To determine the effect of LN-1 gradients on neurite extension in vitro, dorsal root ganglia (DRG) from chick embryos were cultured in 3D hydrogels. A gradient of LN-1 molecules in agarose gels was made by diffusion technique. LN-1 was then immobilized to the agarose hydrogels using a photo-crosslinker, Sulfo-SANPAH (Sulfosuccinimidyl-6-[4-azido-2-nitrophenylamino] hexanoate). Anisotropic scaffolds with three different slopes of LN-1 gradients were used. Isotropic scaffolds with uniform concentrations of LN-1, at various levels, were used as a positive control.
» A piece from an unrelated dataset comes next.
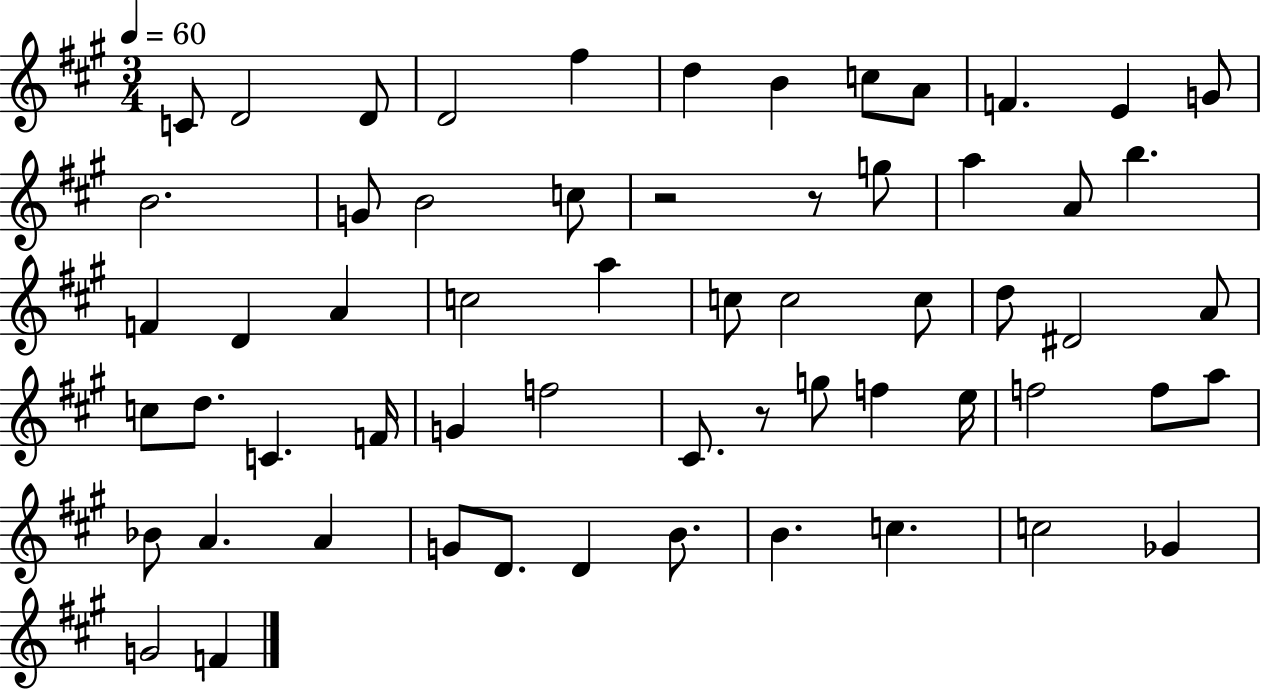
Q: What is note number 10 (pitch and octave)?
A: F4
DRG cultured in anisotropic scaffolds with optimal slope of LN-1 gradient extended neurites twice as fast as DRG in optimal concentration in isotropic scaffolds. Also, in the anisotropic scaffolds the faster growing neurites were aligned along the direction of LN-1 gradient.
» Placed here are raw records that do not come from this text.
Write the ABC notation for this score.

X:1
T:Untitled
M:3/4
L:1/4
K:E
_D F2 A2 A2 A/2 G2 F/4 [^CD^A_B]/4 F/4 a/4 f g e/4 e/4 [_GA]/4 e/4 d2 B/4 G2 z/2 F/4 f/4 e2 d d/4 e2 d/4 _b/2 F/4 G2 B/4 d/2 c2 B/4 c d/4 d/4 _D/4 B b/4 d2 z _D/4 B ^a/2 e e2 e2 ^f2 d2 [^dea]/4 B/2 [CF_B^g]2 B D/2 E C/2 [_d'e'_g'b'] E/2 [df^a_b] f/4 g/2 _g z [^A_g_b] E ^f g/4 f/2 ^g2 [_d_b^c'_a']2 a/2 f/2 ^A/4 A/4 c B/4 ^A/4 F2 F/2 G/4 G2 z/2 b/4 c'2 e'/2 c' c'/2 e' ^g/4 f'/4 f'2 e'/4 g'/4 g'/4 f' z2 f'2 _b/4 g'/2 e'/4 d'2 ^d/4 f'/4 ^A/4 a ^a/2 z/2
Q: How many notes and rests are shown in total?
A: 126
To promote nerve regeneration in vivo, tubular polysulfone guidance channels containing agarose hydrogels with gradients of LN-1 and NGF (anisotropic scaffolds) were used to bridge 20-mm nerve gaps in rats. Nerve autografts were used as positive controls and isotropic scaffolds, with uniform concentration of LN-1 and NGF, were used as negative controls. After 4-months, the rats were sacrificed and nerve histology was done to test for nerve regeneration. Only anisotropic scaffolds and nerve autografts contained evidence of axonal regeneration. Both groups had similar numbers of myelinated axons and similar axonal-diameter distribution. However, nerve graft group performed better in functional outcome as measured by relative gastrocnemius muscle weight (RGMW) and electrophysiology. Optimization of performance of anisotropic scaffolds by varying the LN-1 and NGF concentration gradients might lead to development of scaffolds that can perform as well as nerve auotgrafts for nerve regeneration over long nerve gaps.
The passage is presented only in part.